2. Workflow Automation Engine
Something needs to run the IaC logic based on user inputs.
Options:
- GitOps-based: Developer submits a PR with infra request → triggers ArgoCD or Flux
- Workflow-based: Use tools like Terraform Cloud, Atlantis, Spacelift, GitHub Actions
- Custom portal or CLI triggers the job (e.g., with a backend service)
The workflow:
- Validates inputs
- Runs plan + apply
- Notifies the user (via Slack, email, dashboard)
3. Abstraction Layer / Developer Interface
Devs shouldn't need to touch raw Terraform or YAML.
Options:
- Developer portal (e.g., Backstage) – Select modules via UI
- Custom Web UI – Form-based, simple dropdowns
- Internal CLI – e.g., platform create-db --team finance --env staging
- Slack bots – For lightweight use cases (e.g., ephemeral test envs)
Keep the experience frictionless and intuitive.
4. Policy Enforcement (Guardrails)
You must make it safe. Use Policy as Code to enforce:
- Naming conventions
- Cost limits (e.g., instance sizes, quotas)
- Tagging standards (owner, environment, cost center)
- Region restrictions
- Allowed services and versions
Tools:
- OPA / Gatekeeper
- Conftest
- Checkov, tfsec, Sentinel
Example: No team can provision unencrypted S3 buckets.
5. Secrets & Identity Integration
When provisioning things like DBs, queues, or VMs, secrets and credentials must be handled securely.
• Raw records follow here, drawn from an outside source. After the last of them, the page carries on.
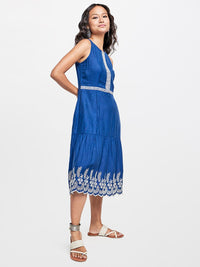 Global Desi Embroidered Round Neck A-Line Midi Dress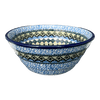 Polish Pottery Ridged 5.5" Bowl (Aztec Blues) | A696-U4428 at PolishPotteryOutlet.com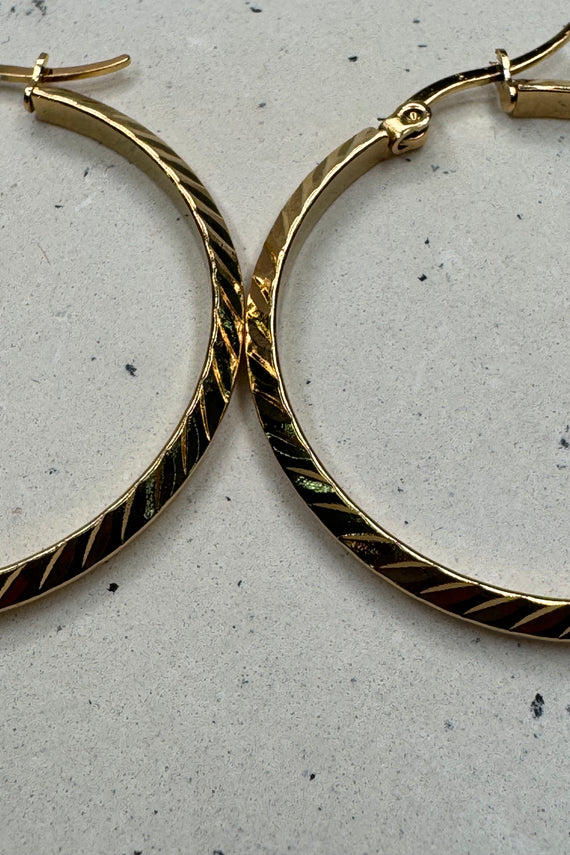 Ατσάλινα σκουλαρίκια κρίκοι χρυσοί Alice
- Use Vault, AWS Secrets Manager, or External Secrets Operator
- Bind access to the provisioning user's identity/team
- Never hardcode credentials in IaC
6. Auditing, Ownership & Cost Attribution
You want traceability — who provisioned what, when, and at what cost?
Best practices:
- Auto-tag resources (team, owner, env, project_id, cost_center)
- Store logs of all provisioning activities
- Show usage and cost reports via dashboards (e.g., in Backstage, Grafana, or FinOps tools)
7. Lifecycle Management
Provisioning is only half the story. You also need to support:
- Updates (e.g., increase DB size)
- Deletions (e.g., clean up dev environments)
- TTL policies (e.g., destroy after 72h)
Automate expiry, garbage collection, and drift detection.